In-universe information
- Species: Robot
- Gender: Male

= Tom Servo =

Fictional character in Mystery Science Theater 3000

Tom Servo is a fictional character from the American science fiction comedy television show Mystery Science Theater 3000 (MST3K). Tom is one of two wise-cracking, robotic main characters of the show, built by Joel Robinson to act as a companion and help stave off madness as he was forced to watch low-quality films (Tom and the other bots, Crow, Gypsy, and Cambot, are made from parts that would have otherwise allowed Joel to actually control the film). At least during the Comedy Central era, he was somewhat more mature than his theatre companion, Crow T. Robot. Tom, more often than the others, signals the need to exit the theater to perform host segments.

==Overview==
Tom Servo is a red puppet that has a gumball machine (Carousel Executive Snack Dispenser) for a head, a body composed of a toy "Money Lover Barrel" coin bank and a toy car engine block, and a bowl-shaped hovercraft skirt (a Halloween "Boo Bowl") instead of legs. His arm assembly (according to the 1998 MST3K Official Bot Builders Booklet Workbench Edition) is from a Mr. Moonie doll. Mr. Moonie (sometimes known as "Seymour Bunz" or "C More Bunz") was a gag doll popular during the time of filming, usually found suction cupped to people's car windows to moon other drivers. The doll would drop its pants and moon people when a rubber bladder was squeezed. The entire assembly, including the rubber bladder, were kept intact when installed into Tom's barrel body. The hands were apparently from a clown or hobo doll figure, but are now made from a mold. The springs were custom made by a local manufacturer, which were attached with glue to the wrists and arms. His arms would spring up and down whenever the clear balloon inside was gripped by Kevin, as shown in pictures from The Colossal Episode Guide or The Scrapbook tape. The Patrick Swayze Christmas segment shows Kevin in the puppet trench working Tom Servo with bladder in each hand. Although the other characters comment occasionally throughout the series that his arms are not functional, they actually do move up and down due to the Mr Moonie doll bladder inside Tom, and can be seen moving up and down in a fair few episodes as early as season 2. His shoulders are made from the front of an Eveready Floating Lantern. Because Servo's head is transparent, chromakeyed images appear projected through it, and thus a second puppet was built for use in the theater segments, entirely spray-painted black. This black Servo also appeared in a host segment in episode #609, "The Skydivers". Tom moves about by hovering. In seasons one through ten he is unable to hover much higher than the ground, however in season eleven (and briefly in the film version) he is capable of hovering at apparently any height and with great agility. In episode #413 "Manhunt in Space" it is revealed that Servo suffers from red-green colorblindness.

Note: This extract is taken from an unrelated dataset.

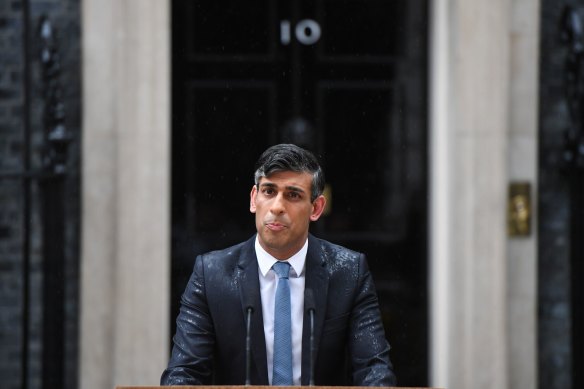 British Prime Minister Rishi Sunak gets drenched as he announces the election on Wednesday.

Servo's appearance has changed over time. In the pilot for MST3K, the robot who would become Servo was named "Beeper", who just spoke in beeps that only Crow could understand (similar to R2-D2 from the Star Wars films). He was an all-silver robot vaguely shaped like the ultimate Servo, with funnel-shaped shoulders, silver rubber tube arms, a plastic flowerpot for a hoverskirt, and a small fishbowl for a head. He was renamed 'Servo' after a vending machine called the Servotron. The character was absent in K01: Invaders from the Deep, but re-appeared again for the remainder of the KTMA series as the now-familiar Servo puppet with the gumball machine head in K02: Revenge of the Mysterons from Mars.

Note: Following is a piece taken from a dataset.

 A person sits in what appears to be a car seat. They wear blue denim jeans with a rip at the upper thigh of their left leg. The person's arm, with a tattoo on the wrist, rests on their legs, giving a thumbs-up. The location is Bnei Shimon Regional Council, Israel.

In Season 1 on the Comedy Channel, he was given a red color, longer black tube arms, squared white shoulders, a different hoverskirt, and the Carousel Snack Dispenser gumball machine head with a white beak. Around episode 105: The Corpse Vanishes, Servo's head was replaced with a slightly modified version of his "Carousel" head. The "neck" was slightly wider and the beak (now silver at this point) appeared smaller. This version of Servo's head would be used for the remainder of Season 1. For Season 2, the black tubing used for his arms was replaced by a pair of small silver springs and the more familiar Carousel Dispenser head design (KTMA/pre episode 105) returned with a silver beak. This physical form was pretty much the same throughout the remainder of the series, save for a brief flirtation (during episodes #205: Rocket Attack USA and #206: Ring of Terror) with a slim cylindrical gumball-machine head to try to reduce the screen area Servo's head obscured. It was introduced as a "haircut" that Joel gave Servo, but was quickly abandoned. By mid season 3 an extra cap from another Carousel Dispenser was added just below the "bubble" making Tom's head appear slightly taller and slimmer. Briefly in early season 4, Servo's white hands were changed to beige before returning to white after only a few episodes. During a host segment in the Sci-Fi era, he briefly acquired the body of a "beautiful butterfly."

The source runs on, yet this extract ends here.